## Short web captions
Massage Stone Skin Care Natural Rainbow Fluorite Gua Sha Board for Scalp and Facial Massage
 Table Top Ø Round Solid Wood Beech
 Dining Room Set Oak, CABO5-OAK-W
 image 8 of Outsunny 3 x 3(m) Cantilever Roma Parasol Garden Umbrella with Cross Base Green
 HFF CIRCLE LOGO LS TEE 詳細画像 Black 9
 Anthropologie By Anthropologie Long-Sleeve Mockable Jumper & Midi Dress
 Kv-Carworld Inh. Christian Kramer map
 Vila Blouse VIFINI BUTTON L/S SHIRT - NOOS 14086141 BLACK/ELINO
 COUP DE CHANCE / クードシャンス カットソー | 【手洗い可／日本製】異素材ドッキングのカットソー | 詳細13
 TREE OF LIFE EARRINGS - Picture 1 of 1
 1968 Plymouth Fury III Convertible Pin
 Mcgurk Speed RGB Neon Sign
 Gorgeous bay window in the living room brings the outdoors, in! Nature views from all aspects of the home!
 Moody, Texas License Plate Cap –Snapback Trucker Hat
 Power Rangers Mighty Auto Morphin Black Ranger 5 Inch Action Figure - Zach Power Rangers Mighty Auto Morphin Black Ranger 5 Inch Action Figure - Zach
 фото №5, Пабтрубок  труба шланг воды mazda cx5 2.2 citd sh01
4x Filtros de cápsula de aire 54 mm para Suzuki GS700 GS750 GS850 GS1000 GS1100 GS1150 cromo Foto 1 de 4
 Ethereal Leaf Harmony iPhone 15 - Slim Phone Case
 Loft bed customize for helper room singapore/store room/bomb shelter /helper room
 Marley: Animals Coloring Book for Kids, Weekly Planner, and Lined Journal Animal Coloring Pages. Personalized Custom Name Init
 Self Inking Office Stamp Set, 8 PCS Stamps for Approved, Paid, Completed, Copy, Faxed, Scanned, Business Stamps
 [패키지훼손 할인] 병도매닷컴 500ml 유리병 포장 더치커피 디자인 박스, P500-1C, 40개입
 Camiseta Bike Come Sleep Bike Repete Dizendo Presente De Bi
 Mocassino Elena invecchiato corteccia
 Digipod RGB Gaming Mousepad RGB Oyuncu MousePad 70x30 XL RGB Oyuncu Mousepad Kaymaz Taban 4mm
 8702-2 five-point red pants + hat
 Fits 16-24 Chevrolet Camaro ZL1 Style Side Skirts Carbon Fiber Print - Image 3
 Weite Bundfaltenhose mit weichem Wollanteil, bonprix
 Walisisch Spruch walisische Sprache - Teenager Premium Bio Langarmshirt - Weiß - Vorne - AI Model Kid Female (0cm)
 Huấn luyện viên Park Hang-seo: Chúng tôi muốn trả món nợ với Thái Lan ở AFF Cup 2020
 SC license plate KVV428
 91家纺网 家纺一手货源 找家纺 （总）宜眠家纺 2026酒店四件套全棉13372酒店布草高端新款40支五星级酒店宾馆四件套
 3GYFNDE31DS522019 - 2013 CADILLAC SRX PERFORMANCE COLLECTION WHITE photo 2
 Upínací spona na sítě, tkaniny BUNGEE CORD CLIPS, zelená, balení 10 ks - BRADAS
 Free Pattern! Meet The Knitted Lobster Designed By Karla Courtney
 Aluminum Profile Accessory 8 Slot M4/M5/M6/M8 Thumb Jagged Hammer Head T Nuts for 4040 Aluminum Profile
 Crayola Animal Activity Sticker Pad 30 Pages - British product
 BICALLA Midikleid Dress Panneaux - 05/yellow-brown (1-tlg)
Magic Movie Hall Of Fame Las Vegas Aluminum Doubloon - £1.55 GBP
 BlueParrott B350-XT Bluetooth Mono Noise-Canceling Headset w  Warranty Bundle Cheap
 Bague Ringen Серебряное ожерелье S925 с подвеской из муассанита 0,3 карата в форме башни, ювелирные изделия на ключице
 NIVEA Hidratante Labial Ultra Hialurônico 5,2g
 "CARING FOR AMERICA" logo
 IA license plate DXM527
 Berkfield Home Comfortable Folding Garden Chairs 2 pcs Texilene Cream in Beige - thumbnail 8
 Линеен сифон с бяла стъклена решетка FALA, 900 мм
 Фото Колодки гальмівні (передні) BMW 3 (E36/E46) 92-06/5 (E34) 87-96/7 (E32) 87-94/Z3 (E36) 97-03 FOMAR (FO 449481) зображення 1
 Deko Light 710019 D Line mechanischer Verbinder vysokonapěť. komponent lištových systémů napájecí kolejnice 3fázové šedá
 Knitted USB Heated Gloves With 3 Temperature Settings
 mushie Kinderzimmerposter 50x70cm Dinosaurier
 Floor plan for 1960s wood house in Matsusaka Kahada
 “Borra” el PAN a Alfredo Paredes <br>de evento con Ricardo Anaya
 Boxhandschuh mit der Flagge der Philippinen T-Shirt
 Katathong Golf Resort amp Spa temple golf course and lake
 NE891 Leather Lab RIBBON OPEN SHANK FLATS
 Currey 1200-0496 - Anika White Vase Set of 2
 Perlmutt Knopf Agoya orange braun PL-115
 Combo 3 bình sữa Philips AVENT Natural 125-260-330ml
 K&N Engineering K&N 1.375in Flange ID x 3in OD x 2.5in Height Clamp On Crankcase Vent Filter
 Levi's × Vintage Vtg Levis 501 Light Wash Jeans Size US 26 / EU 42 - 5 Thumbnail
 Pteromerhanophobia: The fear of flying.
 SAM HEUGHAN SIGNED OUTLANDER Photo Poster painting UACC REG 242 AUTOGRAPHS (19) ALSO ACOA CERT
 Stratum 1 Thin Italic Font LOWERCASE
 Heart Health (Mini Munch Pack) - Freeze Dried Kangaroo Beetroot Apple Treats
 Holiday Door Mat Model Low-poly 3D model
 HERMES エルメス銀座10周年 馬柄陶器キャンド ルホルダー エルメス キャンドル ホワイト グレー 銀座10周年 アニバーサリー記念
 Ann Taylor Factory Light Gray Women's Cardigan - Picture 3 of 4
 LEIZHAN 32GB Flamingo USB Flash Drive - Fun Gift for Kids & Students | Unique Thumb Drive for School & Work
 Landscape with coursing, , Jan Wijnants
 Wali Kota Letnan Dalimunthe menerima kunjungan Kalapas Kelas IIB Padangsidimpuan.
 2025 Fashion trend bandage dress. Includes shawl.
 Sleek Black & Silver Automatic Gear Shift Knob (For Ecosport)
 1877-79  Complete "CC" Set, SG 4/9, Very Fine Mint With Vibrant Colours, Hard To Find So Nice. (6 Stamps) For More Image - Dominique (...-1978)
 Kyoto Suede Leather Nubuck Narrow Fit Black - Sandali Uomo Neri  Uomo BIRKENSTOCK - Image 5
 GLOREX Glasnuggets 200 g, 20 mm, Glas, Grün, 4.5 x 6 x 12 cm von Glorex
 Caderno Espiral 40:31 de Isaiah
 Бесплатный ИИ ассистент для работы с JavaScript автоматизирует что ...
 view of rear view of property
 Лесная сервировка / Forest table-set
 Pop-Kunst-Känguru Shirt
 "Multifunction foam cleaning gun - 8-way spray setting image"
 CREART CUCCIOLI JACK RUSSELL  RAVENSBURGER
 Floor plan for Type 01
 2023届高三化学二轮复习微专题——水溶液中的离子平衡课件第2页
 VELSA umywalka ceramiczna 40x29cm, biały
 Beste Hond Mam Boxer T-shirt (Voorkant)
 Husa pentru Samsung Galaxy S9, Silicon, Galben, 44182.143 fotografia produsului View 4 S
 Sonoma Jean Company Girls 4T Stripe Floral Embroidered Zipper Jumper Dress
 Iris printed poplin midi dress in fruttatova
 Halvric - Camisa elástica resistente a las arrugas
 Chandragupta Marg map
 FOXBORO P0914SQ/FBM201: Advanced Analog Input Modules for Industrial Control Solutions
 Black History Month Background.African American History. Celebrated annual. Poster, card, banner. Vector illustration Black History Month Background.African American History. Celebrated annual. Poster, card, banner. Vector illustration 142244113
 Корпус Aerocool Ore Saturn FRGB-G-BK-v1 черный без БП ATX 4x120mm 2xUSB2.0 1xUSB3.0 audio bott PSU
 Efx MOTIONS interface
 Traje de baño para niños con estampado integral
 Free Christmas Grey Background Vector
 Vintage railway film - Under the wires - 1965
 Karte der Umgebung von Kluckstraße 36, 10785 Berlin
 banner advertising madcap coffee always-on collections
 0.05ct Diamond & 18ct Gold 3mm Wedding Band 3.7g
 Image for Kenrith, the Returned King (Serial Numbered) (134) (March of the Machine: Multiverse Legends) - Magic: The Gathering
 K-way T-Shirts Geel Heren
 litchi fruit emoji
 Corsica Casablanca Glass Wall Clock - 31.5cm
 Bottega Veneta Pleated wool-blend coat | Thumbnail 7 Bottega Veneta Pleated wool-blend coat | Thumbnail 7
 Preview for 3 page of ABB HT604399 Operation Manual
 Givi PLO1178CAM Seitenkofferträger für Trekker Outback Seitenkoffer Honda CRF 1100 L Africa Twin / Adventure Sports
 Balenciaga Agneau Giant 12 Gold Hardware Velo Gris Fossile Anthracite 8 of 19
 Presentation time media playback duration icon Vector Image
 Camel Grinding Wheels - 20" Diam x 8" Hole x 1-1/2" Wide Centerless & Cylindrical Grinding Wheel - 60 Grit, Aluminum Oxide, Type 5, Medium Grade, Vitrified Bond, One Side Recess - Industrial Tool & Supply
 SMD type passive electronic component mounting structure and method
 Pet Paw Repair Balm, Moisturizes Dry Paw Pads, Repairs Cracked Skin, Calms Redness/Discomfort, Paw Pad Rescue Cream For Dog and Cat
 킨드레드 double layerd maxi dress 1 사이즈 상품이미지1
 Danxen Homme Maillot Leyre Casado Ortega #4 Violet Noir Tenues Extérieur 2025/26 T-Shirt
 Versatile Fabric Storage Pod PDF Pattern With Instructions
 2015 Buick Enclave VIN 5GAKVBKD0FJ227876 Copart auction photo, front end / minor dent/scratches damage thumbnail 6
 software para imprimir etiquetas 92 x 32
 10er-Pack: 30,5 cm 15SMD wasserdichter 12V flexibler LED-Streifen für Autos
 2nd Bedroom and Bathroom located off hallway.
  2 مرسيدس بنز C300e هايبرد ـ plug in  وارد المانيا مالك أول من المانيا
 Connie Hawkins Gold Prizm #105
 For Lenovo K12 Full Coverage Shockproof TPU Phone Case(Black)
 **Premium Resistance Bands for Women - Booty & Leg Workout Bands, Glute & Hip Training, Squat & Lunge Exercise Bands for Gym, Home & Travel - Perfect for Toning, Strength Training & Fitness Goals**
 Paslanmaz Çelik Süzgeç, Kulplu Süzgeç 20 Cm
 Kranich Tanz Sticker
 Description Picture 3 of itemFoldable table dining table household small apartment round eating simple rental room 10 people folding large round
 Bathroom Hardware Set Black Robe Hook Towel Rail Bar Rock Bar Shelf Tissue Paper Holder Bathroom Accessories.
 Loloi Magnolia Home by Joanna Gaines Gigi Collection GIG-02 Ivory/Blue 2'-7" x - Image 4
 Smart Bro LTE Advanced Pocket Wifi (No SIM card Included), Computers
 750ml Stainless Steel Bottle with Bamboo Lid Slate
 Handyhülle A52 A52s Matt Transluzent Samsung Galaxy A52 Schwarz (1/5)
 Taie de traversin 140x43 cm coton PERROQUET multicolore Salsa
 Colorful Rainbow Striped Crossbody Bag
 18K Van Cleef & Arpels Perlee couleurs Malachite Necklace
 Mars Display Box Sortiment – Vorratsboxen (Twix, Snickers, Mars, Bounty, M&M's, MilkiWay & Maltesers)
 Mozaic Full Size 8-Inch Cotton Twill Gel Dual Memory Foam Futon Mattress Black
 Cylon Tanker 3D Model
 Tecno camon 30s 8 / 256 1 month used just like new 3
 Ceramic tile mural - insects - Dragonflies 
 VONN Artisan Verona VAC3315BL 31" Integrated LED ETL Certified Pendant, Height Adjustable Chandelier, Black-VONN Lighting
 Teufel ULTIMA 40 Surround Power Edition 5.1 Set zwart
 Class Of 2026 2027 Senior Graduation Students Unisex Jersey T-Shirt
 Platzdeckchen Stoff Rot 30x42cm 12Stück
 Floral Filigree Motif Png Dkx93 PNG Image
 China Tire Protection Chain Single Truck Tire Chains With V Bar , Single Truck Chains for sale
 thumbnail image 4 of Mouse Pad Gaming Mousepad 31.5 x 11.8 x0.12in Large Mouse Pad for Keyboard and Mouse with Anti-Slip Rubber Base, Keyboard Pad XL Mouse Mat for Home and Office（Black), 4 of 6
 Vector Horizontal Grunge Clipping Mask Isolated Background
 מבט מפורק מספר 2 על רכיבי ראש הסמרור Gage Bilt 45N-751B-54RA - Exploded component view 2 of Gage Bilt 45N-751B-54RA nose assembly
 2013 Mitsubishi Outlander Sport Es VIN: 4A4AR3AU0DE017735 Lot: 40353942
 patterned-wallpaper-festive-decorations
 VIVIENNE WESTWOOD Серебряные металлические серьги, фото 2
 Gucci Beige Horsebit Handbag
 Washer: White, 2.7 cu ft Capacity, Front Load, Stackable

## ACTIVITY
Across the data, how many lines contain the string "Gold"? Only the number is wanted.

## TASK SOLUTION
3